The decline in revenue bested analysts’ expectations, however, which anticipated RE/MAX’s revenue to fall by 9.5 percent on an annual basis to $77.26 million.

The news came one quarter after it was announced that previous President and CEO Nick Bailey would be stepping down and that Amy Lessinger, a long-time affiliate and headquarters exec, would succeed him as president, and report to RE/MAX Holdings CEO Erik Carlson.

Erik Carlson | RE/MAX Holdings

RE/MAX Holdings CEO Erik Carlson called the company’s performance “solid,” given the uncertain market.

“Effective cost management led to solid first-quarter margin performance, as we continue to operate our business as efficiently as possible amidst an environment of uncertainty,” Carlson said in a press statement.

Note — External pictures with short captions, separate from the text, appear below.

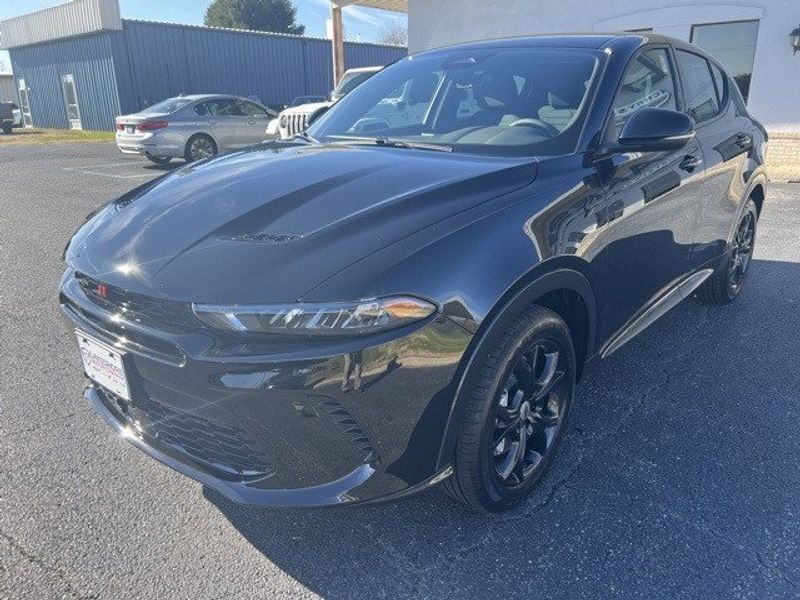 2024 Dodge Hornet R/T Eawd in a 8 Ball exterior color and Blackinterior. Lakeshore CDJR Seaford 302-213-6058 lakeshorecdjr.com 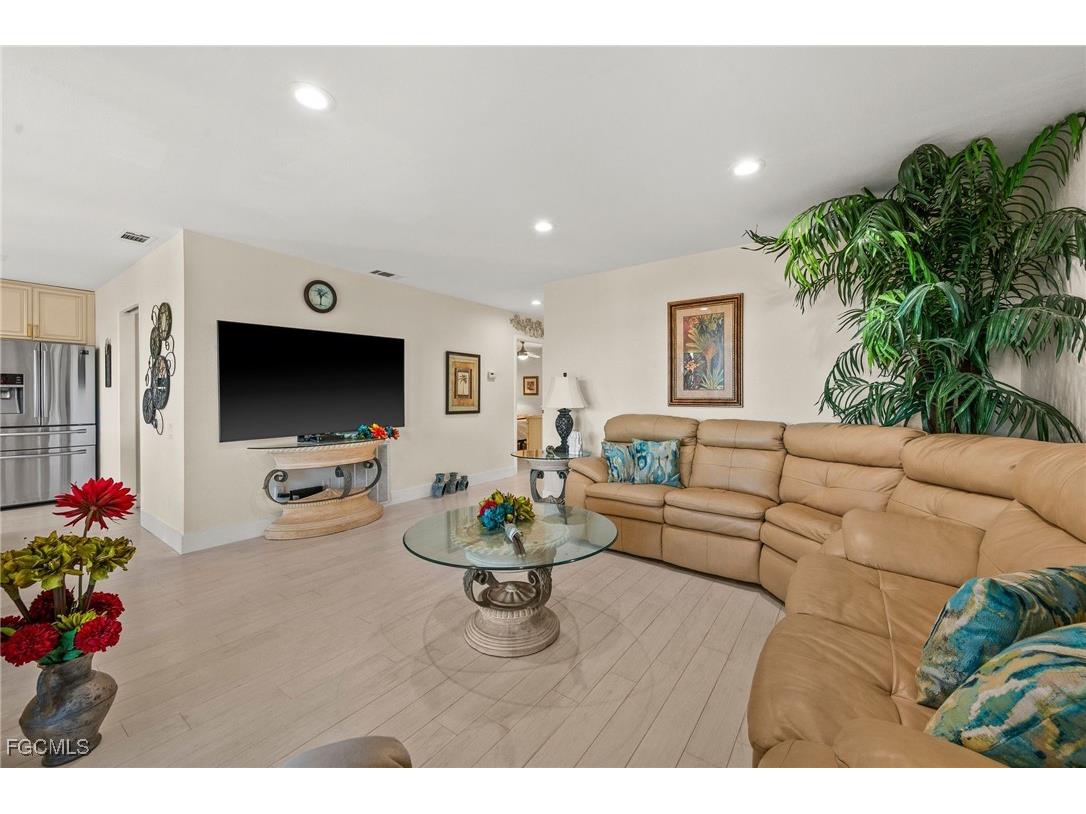 7402 Lake Breeze Drive #301 Fort Myers FL 33907 2025019755 image16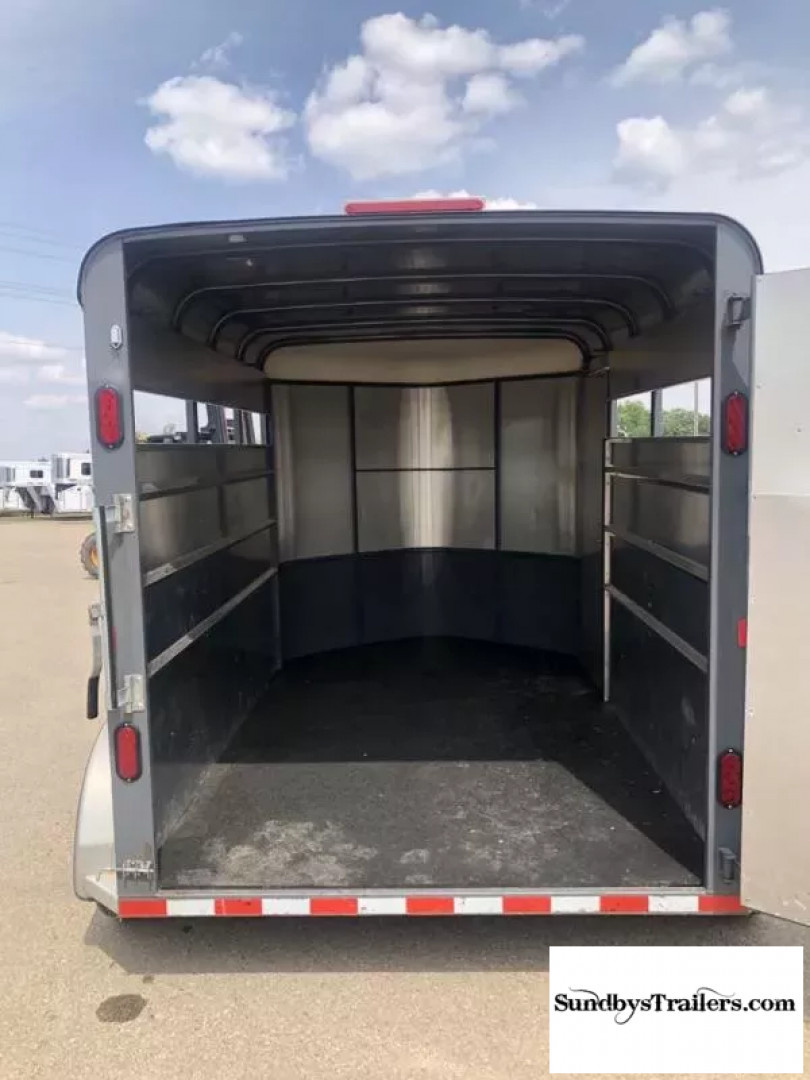 Used 2022 Maverick Trailer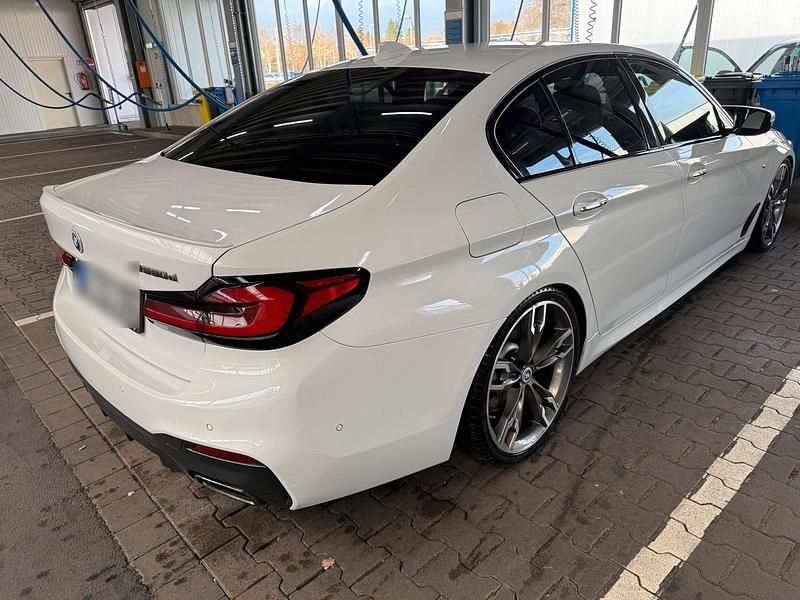 Gebraucht BMW M550 Performance 400 PS (294 kW) 2017 Weiß Limousine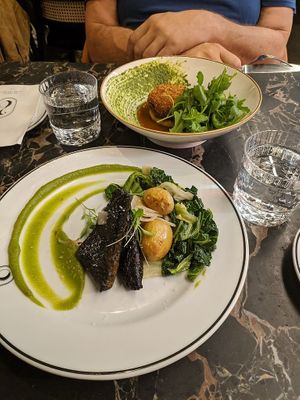 Oben Islander unten Tofu Laguereira at 26 Vegan Food Project in Lisbon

“This, coupled with our growth mindset and a focus on delivering the absolute best customer experience, are the cornerstones of our playbook, supported by RE/MAX agents who are among the highest quality and most trusted in the profession.”

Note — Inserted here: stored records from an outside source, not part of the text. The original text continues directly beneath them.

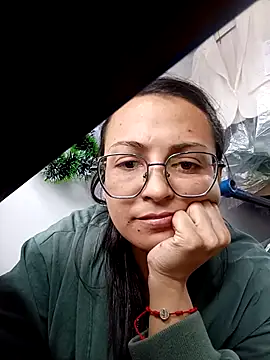 bri_ali's cam snapshot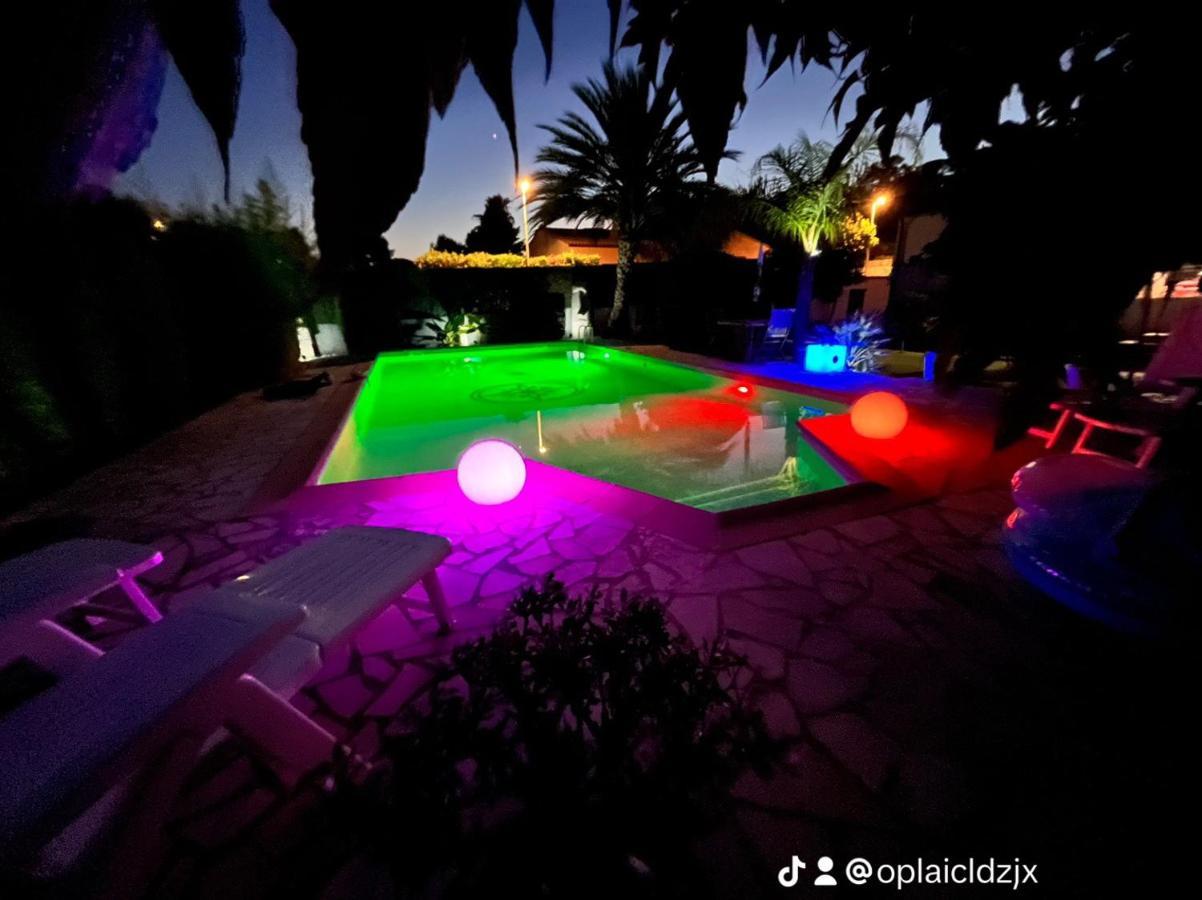 La Romantica Congenies Exterior photo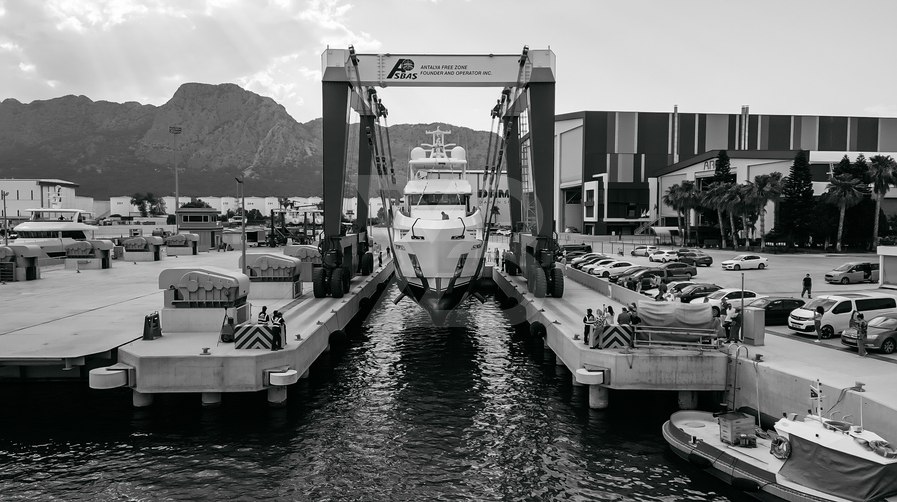 Familia yacht exterior 21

Revenue excluding Marketing Funds (the branch of RE/MAX that holds advertising funds collected from RE/MAX affiliates) decreased 9.3 percent on an annual basis to $58.1 million, largely driven by negative 9.3 percent organic growth, which was a result of a reduction in revenue from RE/MAX’s annual agent convention because of the company’s 50th anniversary the year before and a lower U.S. agent count.

The franchisor also saw a net loss attributable to RE/MAX Holdings of $3.4 million and loss per diluted share of $0.18.

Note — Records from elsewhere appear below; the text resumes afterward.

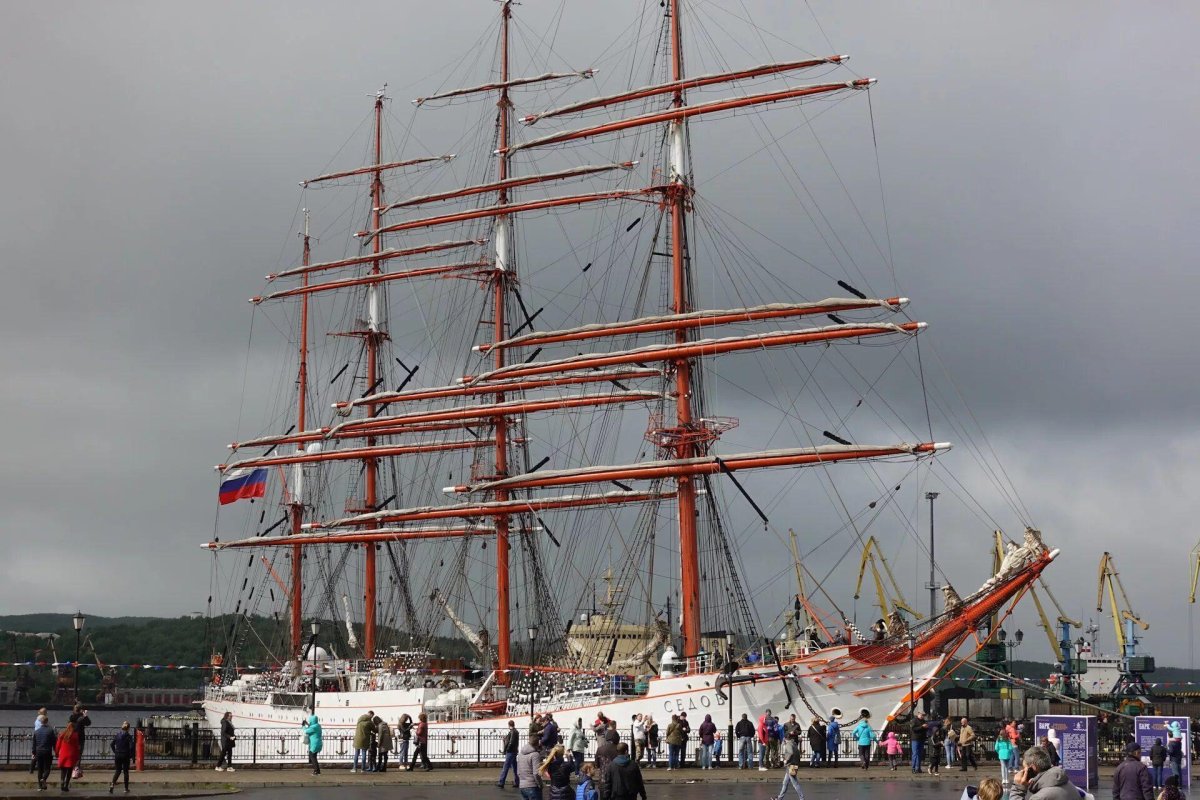 Корабль Седов Мурманск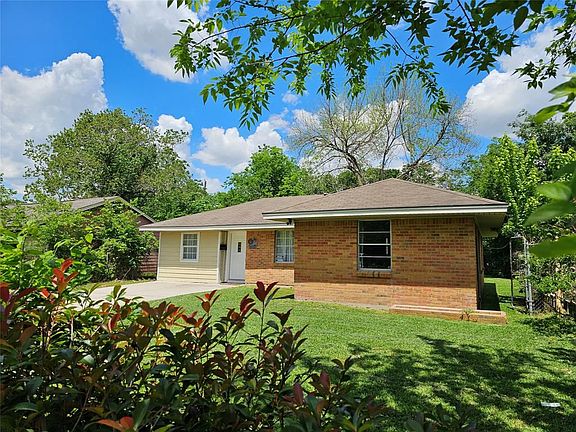 3rd image of 3103 Sunnydale Dr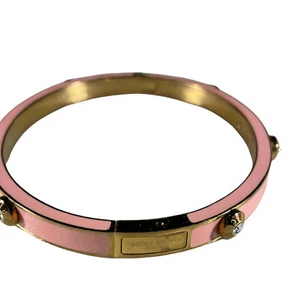 Icónico brazalete Henri Bendel esmaltado, rosa con inserciones de cristal - Imagen 1 de 2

RE/MAX’s adjusted operating earnings before interest, taxes, depreciation and amortization (EBITDA) declined by 4.7 percent to $19.0 million.

Total operating expenses dropped by 6.0 percent year over year to $73.8 million.

The franchiser’s total agent count also took a slight hit of 0.2 percent, or a loss of 236 agents, to a total of 143,287 agents. U.S. and Canada combined agent count dropped by 4.3 percent to 78,955 agents, largely driven by a roughly 3,500 drop in U.S. agent count.

Meanwhile, Motto Mortgage franchises rose by 4.7 percent year over year to 243 offices.

Despite many figures looking down for RE/MAX, Carlson said the quality of the franchiser’s agents remained a point of optimism.

“A widely respected industry survey recently confirmed RE/MAX agents are the most productive in the U.S., outperforming competitors at participating large brokerages 2-to-1, for the 16th year in a row,” Carlson added. “Our industry-leading productivity — a hallmark of our brand — continues to differentiate us from the competition and is a major reason we have succeeded over the past 51 years. It is also why we are confident we will successfully navigate today’s housing market and evolving real estate industry.”

Looking ahead to the second quarter of 2024, the franchiser said it expects agent count to hold steady on an annual basis and for revenue to hit between $75 million and $80 million, including Marketing Funds.

As several major real estate companies’ status in the commission lawsuits that have hit the industry this year remains more in flux, RE/MAX has been able to rest slightly easier in the sense that the firm was one of the first to put forth a settlement, of $55 million, and that settlement, alongside Anywhere’s, was granted preliminary approval by the court back in November. Final approval of the settlements is still outstanding.